I agree that you should not answer his calls or emails. The more you hear his voice and read his emails the more upset you will feel. He may feel heartbroken and try to win you back. It sounds like he didn't treat you good and you deserve someone better. It does take time to heal from a broken relationship and you should allow yourself the time to heal. During this time it is important to surround yourself with supportive family and/or friends.

As for the new guy you like. I would take the time to heal from this previous relationship. There is nothing wrong with being friends with him to begin with and see what happens from there.

I hope this helped! Hugs to you.


----------



## reesesilverstar (Oct 19, 2007)

I have nothing to add. Everybody said it already.

Don't allow people to encroach on your space or your time. Don't rush into anything just yet. Let your friends do the same.

This is your time. Time to remember you, the person. Time to do all the things you enjoy. Time to live, breathe and heal.

God's speed hun.


----------



## KellyB (Oct 19, 2007)

Breaking up is the pits. I was very lonely after my exhusband and seperated. It was better being alone than being miserable with someone though. Change is difficult also and you are having a few all at once. Time will make it better but continuing the same patterns over and over again do nothing except keep us in circles. Once you have decided you have truly had enough it will be easier. It will still hurt and you will still have lonely times but day by day it WILL get better. Try to keep yourself busy doing anything and everything and write to us when you need someone to listen. {{{{Hugs}}}}


----------



## La_Mari (Oct 21, 2007)

Originally Posted by *Killah Kitty* /img/forum/go_quote.gif _Anyways sorry to add more to what is already too much lol. La Mari did you end up getting that tatoo? It sounds beautiful._

Lol, I was going to borrow $ from my bff, but I'm going to wait til I get paid Friday.

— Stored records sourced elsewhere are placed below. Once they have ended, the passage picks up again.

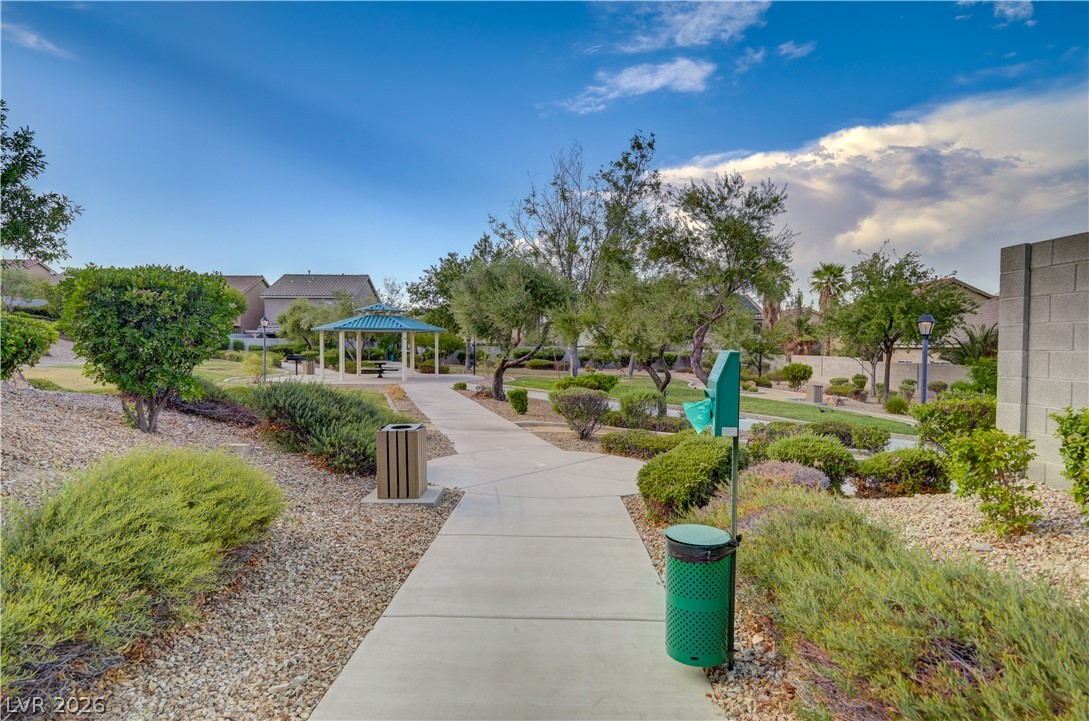 9553 Cabot Falls Avenue Las Vegas NV 89149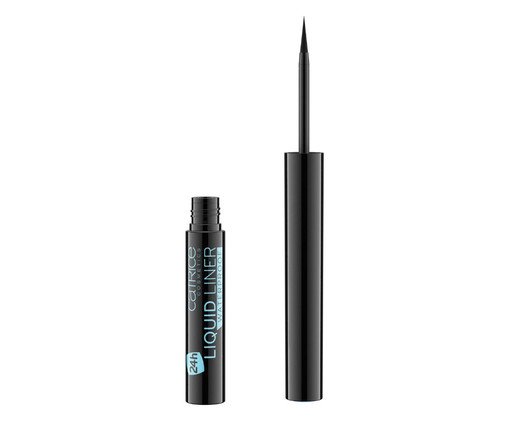 Delineador Liquid Liner Waterproof 010, Preto | WestwingNow
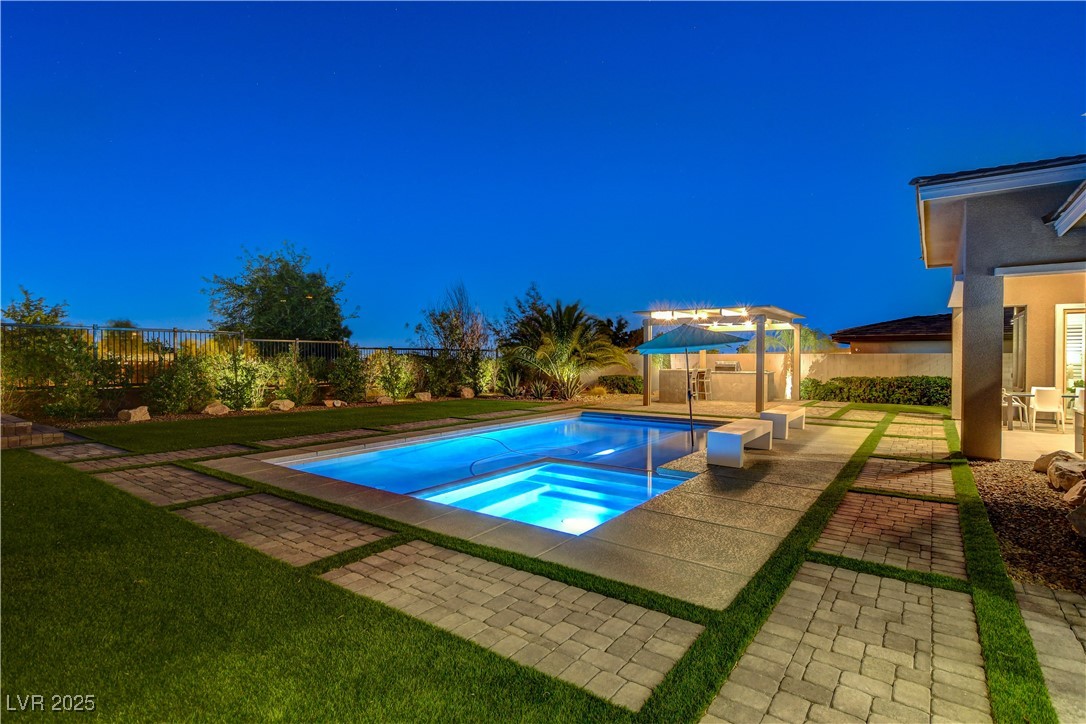 10004 Terrastone Drive
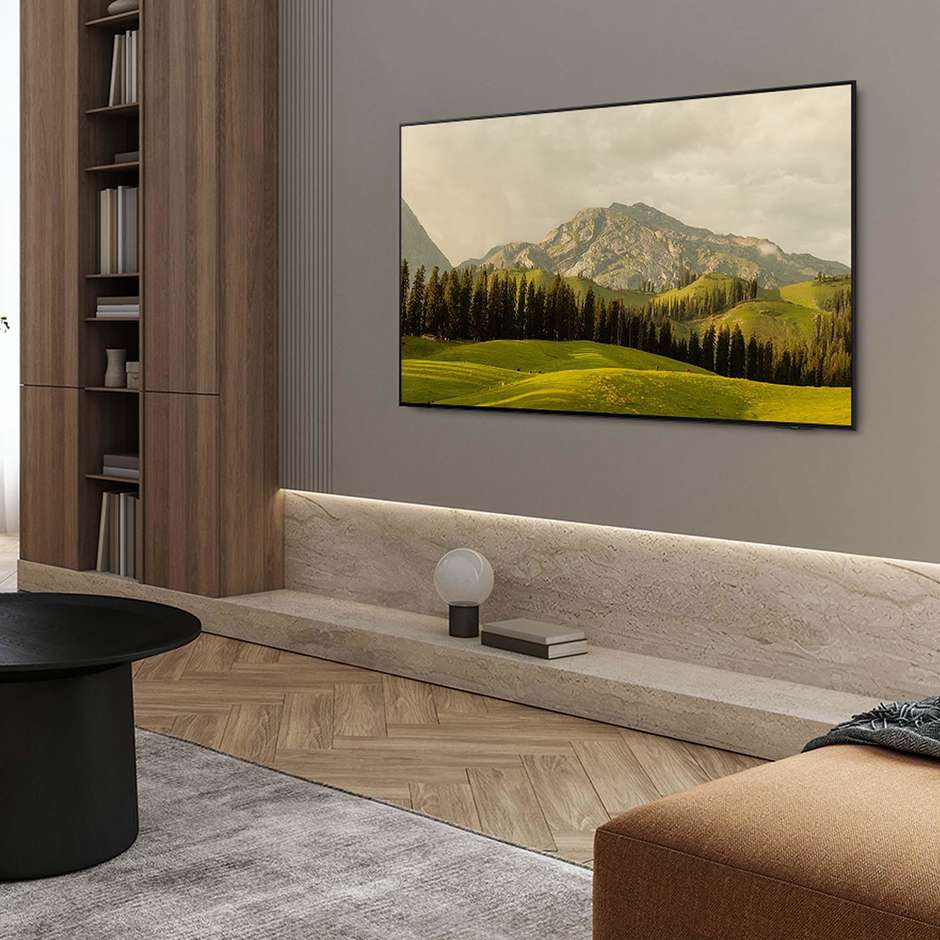 tvc led 65 oled smart tv 120 hz  hdr10 4hdmi proc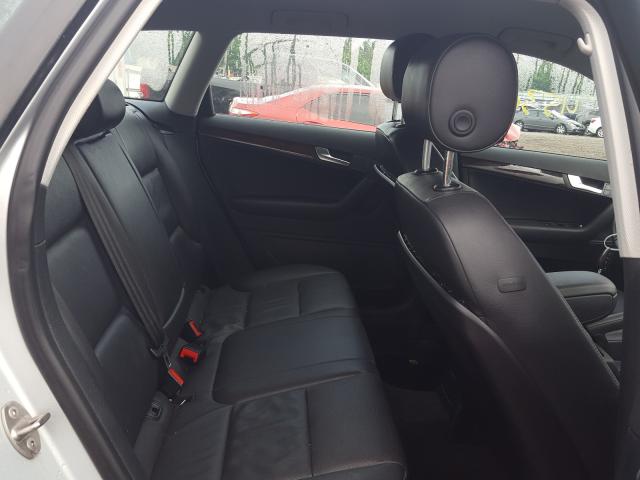 Audi A3 Premium 2013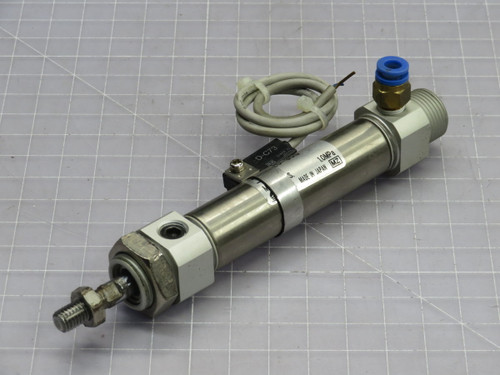 SMC  CDM2B20-30S-C73S    For Sale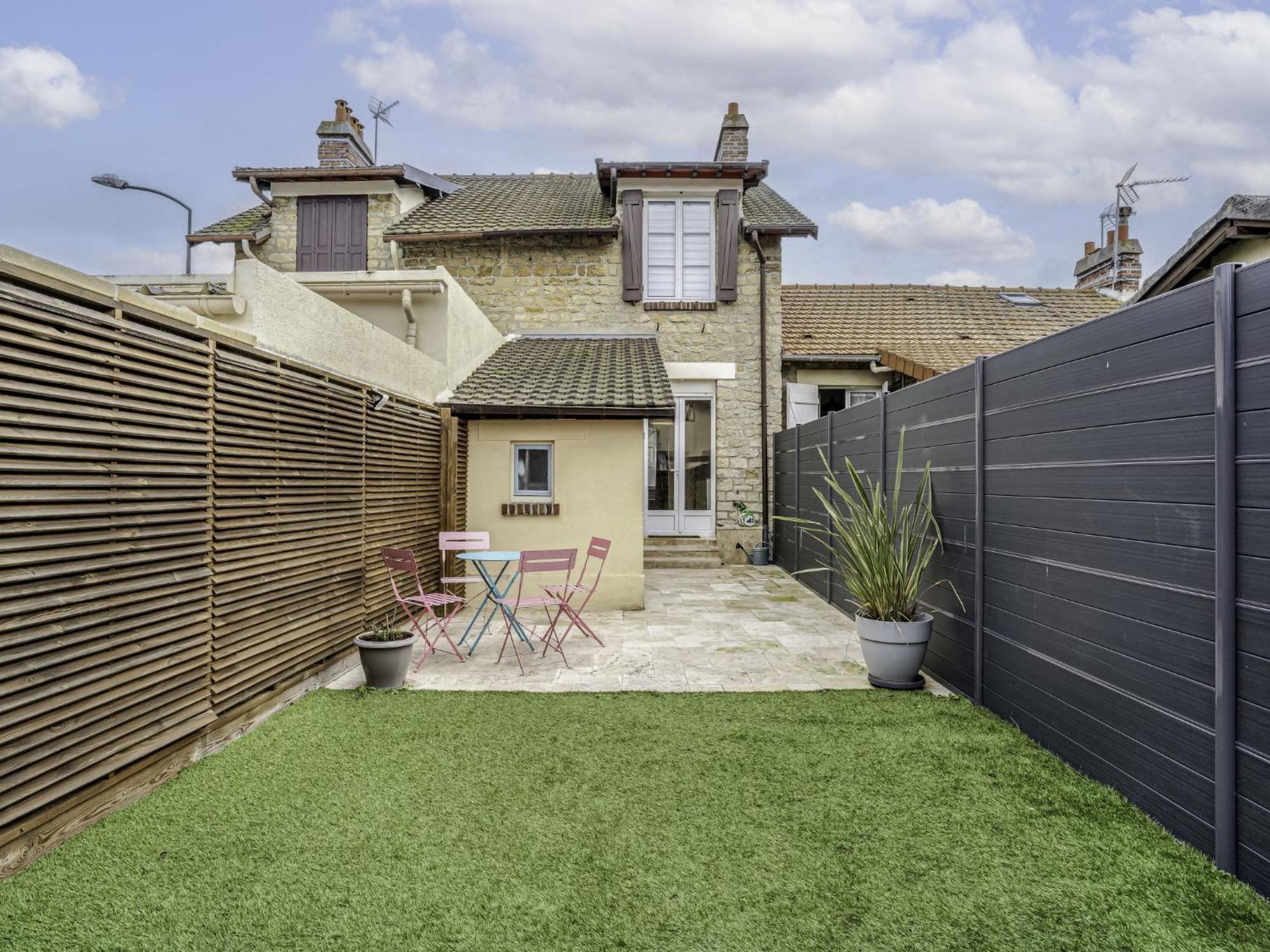 Holiday Home Les Etourneaux By Interhome Cabourg Kültér fotó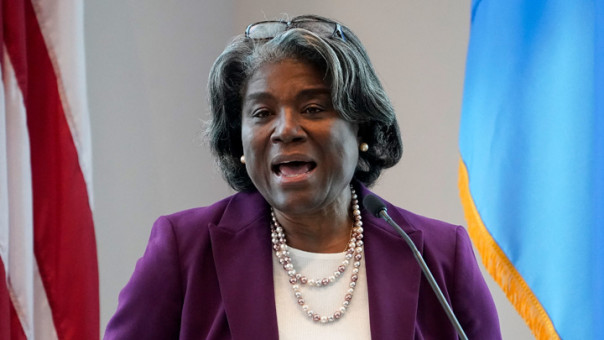 США готовы дать компаниям гарантии для поддержки экспорта сельхозпродукции из России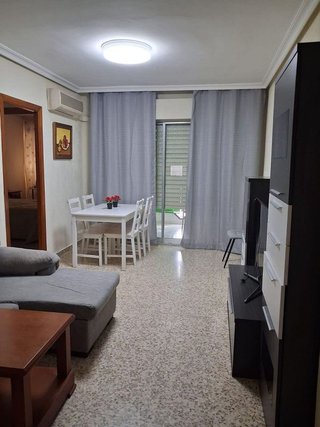 Piso en alquiler en Centro en Cáceres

I'll post pics if I get the balls to do it, it's my first.


----------



## MissMissy (Oct 23, 2007)

girl i would move on for a moment.. . if you dont want him to do it again.. let him feel the pain... dont answer his calls for a week or so then if he calls after that then he wants to make things right.. he knows he hurt you and wants to be with you.. this could just be a phase to him.. he might relise.. damn.. i had it pretty well.. maybe he wont.. if he dont call back.. then he didnt really want to be with you.. and you dont want to be with someone who doesnt want to be with you girl... just some advice my momma used to give me


----------



## polaroidscene (Oct 24, 2007)

Im am going through something similar except i got dumped...and i know how you feel my bf was my whole life and i really thought we were going all the way...and like you i dont really have anyone to talk to. I honestly think you should try out this new guy you never know what could happen...and if there isn't a spark or things dont work out then maybe go back with your ex...he is doing that to get your attention and i know how your ex feels...it hurts and it sucks..but if he treated you like kinda crappy and he's not going to change then he needs to take some time to work on himself.


----------



## puncturedskirt (Oct 24, 2007)

It's definitely going to be a hard thing to do but i think it's best for you to move on.


----------



## Killah Kitty (Nov 14, 2007)

_Well I thought Id come back with some updates. I still feel a little crazy lol. I appreciate everyones advice in here so much. For a week or two I ignored him for the most part. It was hard lol. That passed and he was still calling, still trying to get me back, we talked all night a few times, and alot of shit was cleared up and confessed, by that I mean like he admitted to things and explained things, which I believe is the best way to put something behind you. He said he does need to work on himself and that I help him immensely._

_He also deleted himself from every site he was a part of on the internet, and he only kept his msn, and gave me his password to it, and deleted a ton of people off his list too. He said since the day I left he couldnt stop thinking about me, he finally realized what he had, he admitted to EVERYTHING hes done and we agreed to put it all behind us, he swore on his life he wants to marry me and that he will never act that way again, because it hurts me, and he said that if im hurt he hurts too._

_A friend of mine told me that if two people are in a relationship and one person does something wrong, if they feel that guilt and pain about it, then theres defintly feelings there._

_So far everything has been good, safe to say better than normal, he is making 50 times more of the effort for me, and you know we've always had this feeling were meant to me, so maybe. Im really happy, I do love him, I just had given up, life gets tough sometimes._

_As for my two friends, they didnt get back together, the guy is already seeing another girl, and my girl is devasted and mad at me again because I still talk to her ex, he is still a good friend to me. Oh well. I have come to notice this girl brings tons of drama in my life, and shes also jelous that me and my boyfriend worked it out, so shes been trying to get between us. I dont think I need her anyways then!_

_Oh yea one last thing, as far as that guy I really liked... I really like him still... I havent seen him much but we still talk over msn. Im not sure if he likes me because we havent spent enough time together... but I think it will probably just end up being dropped or us being friends (which is ok) because since Im in my relationship again lol I cant exactly pursue him._

_Phew! Sorry for long update lol. La Mari did that tatoo ever happen??_


----------



## La_Mari (Nov 16, 2007)

Hopefully he treats you good consistantly. You deserve it, if not remind him you don't have to be there... well that's what I'm gonna do to mine.

Anyway, for your gf, IDK, maybe see it from her side, she might cry all the time and want to get back with her ex, and it's hard getting over someone if they're still around you. But she still shouldn't hate you for keeping in touch with him, that's childish. She can't control you!

And no I didn't get the tattoo. She bailed out on me cause she was "sick". Oh well, I went shopping with my money anyway


----------